Suppose $X,Y$ are subspaces of dimension $n-k$ of the vector space $V$ of dimension $n$. Why is it always true that $X\cup Y\neq V$?
I can show this by arguing that if $X=Y$ then clearly by the difference in dimension, that $X\cup Y\neq V$. If $X\neq Y$ then there is a member, $x$, in the basis of $X$ that in not in $Y$ and vice versa. Then $x+y\not\in X\cup Y$ but is in $V$.
Is this argument valid? Is there a more elegant/simpler argument?
Thanks!
The argument is correct and seems pretty elegant already, up to some minor issues of exposition.
Maybe it is also elegant to discuss generalizations?

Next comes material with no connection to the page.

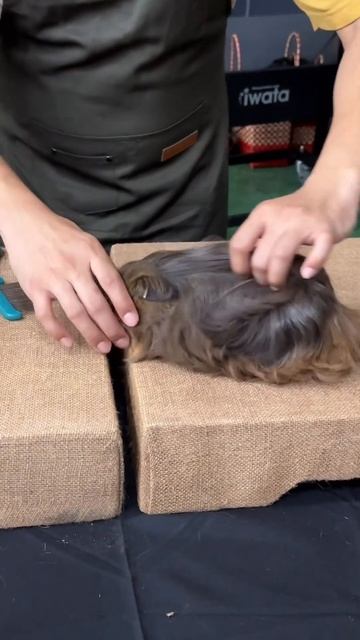 🐀Types of Guinea pigs at the Cavy & Rabbit Show #pets #youtubeshorts #petplanet88 #cavy #animals смотреть онлайн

The exact number of proper subspaces needed to cover any vector space (of any dimension greater than or equal to $2$, including any infinite dimension) over any field $F$ is computed in this note. (It was also computed independently by A. Khare at around the same time.) Namely, the number of subspaces required is $\# F + 1$ unless $F$ and $\operatorname{dim}_F V$ are both infinite, in which case it is $\aleph_0$. In particular, since any field has at least two elements, this linear covering number is always at least $3$. Moreover it is equal to three iff $F = \mathbb{F}_2$.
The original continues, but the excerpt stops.